Je crois que je me suis un peu précipité en écrivant mon billet d'hier sur l'affaire des marins pêcheurs.
Je pensais bien naïvement que cette affaire était close, que l'aide inacceptable étant promise tout allait rentrer dans l'ordre, que les manifestants allaient cesser de manifester et que les pêcheurs allaient enfin pêcher.
Que nenni ! Les représentants syndicaux, qui ont négocié avec le ministre Barnier, appelaient à la reprise du travail, mais les pêcheurs eux-mêmes ne l'entendent pas de cette oreille et exigent "le gas oil à 0,40 € à la pompe" avant toute interruption de leur "action revendicative".
Ben voyons ! Comme je l'expliquais hier, l'état n'a strictement aucun pouvoir sur le prix de ce carburant particulier, entièrement détaxé. Appliquer cette revendication, ce serait donc tout bonnement en revenir à la pratique des prix administrés heureusement abandonnée depuis longtemps en France, celle qui faisait les beaux jours des économies du bloc soviétique. Quand je parlais de collectivisme ! Tout se tient...
Apporter des aides directes sur des fonds publics, c'est déjà plus que discutable, mais les usages dans ce pays sont ainsi faits, et il sera bien difficile de faire entrer dans les consciences que l'économie dirigée est une hérésie, et la source même des maux qu'elle prétend combattre. Apporter de telles aides à une profession en particulier, toujours sur les fonds publics et donc en utilisant la fiscalité supportée par l'ensemble de l'activité économique, ça devient du corporatisme d'état.
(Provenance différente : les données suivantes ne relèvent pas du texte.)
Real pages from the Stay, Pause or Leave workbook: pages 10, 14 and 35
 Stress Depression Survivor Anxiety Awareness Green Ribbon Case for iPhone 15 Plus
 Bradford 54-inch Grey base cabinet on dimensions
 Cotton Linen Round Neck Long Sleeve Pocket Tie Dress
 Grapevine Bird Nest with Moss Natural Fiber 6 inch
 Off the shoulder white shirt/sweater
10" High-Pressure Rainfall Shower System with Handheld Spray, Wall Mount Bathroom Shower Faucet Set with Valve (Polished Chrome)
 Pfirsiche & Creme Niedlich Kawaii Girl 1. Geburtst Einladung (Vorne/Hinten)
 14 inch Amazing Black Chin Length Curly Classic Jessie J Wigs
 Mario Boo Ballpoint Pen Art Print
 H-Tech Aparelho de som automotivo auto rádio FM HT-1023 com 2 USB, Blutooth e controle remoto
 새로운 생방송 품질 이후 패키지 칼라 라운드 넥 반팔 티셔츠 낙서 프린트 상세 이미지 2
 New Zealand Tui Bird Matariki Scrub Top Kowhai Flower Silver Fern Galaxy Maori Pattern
Le faire en imposant un prix de vente à des distributeurs qui sont par nature de libres entrepreneurs, c'est de la dictature !..
Sans compter que dans le cadre des institutions européennes, dont nous profitons tous par ailleurs, pêcheurs inclus, de telles aides sont des entraves inacceptables à la concurrence. Que diraient nos braves marins pêcheurs bretons si l'état espagnol subventionnait ses propres navires pour qu'ils puissent à moindre frais venir pêcher le cabillaud au large de Belle Ile en Mer, même dans le cadre strict des quotas qu'ils décrient ? C'est pourtant ça qu'ils viennent d'obtenir de l'état français, et qu'ils ne trouvent pas encore suffisant...
Mais il y a pire encore ! On savait depuis plusieurs jours que des commandos de marins grévistes bloquaient par la force des dépôts de carburant, asphyxiant ainsi la distribution de produits pétroliers dans des régions entières, et pas seulement le carburant des bateaux. On savait aussi que d'autres bloquaient les accès aux ports, par la force toujours. Voilà qu'on nous montre hier en plein journal télévisé, sans aucun commentaire de fond (c'est peut-être ça qu'on appelle l'impartialité dans les milieux journalistiques), un commando de "grévistes en colère" mettant à sac le rayon poissonnerie d'un supermarché pour en retirer les produits d'importation et les distribuer aux automobilistes qui passaient par là...
C'est ce qu'on a pris l'habitude d'appeler une "action syndicale". Moi, j'appelle ça par son nom : un hold up en bande organisée. Et je ne comprends absolument pas pourquoi personne ne bouge ! Imaginons simplement qu'un quidam lambda entre dans une poissonnerie, braque le poissonnier, et fasse main basse sur une partie de la marchandise. Alertés par le voisinage, il ne fait aucun doute que les policiers du coin surgiraient pour se saisir du cambrioleur et qu'il serait poursuivi puis condamné pour cette action délictueuse. Et ce serait tout à fait normal, la mission première de l'état étant de garantir la sécurité des citoyens et de leurs biens.
Ici, rien de tout ça ! On regarde faire. On ne bouge surtout pas. Dans ces circonstances particulières, la mission de l'état n'est-elle plus de garantir la sécurité des biens et des personnes ? Sous prétexte de "revendication syndicale", ou simplement de manifestation, est-on dans son bon droit en prenant des otages (dans le cas des dépôts de carburants) et en dévalisant d'honnêtes commerçants (dans le cas du supermarché) ? N'est-on plus dans un état de droit dès qu'une catégorie de citoyens se plaint de son sort ? Il faut le croire, et c'est tout simplement lamentable. Un jour peut-être, un gréviste illuminé prendra-t-il le ministre en otage et le pendra-t-il haut et court en criant ses revendications. Ce serait une "action revendicative" là-aussi, surtout pas un assassinat, et peut-être faudra-t-il surtout là-encore ne rien faire ? J'ai déjà dénoncé vivement les (ex)actions syndicales dans un billet ancien. Rien n'a changé depuis, ni dans mon esprit ni malheureusement dans les faits...
Ca s'apparente à ce que le général De Gaulle appelait en son temps "la chienlit". Ca pourrait s'appeller tout simplement l'anarchie.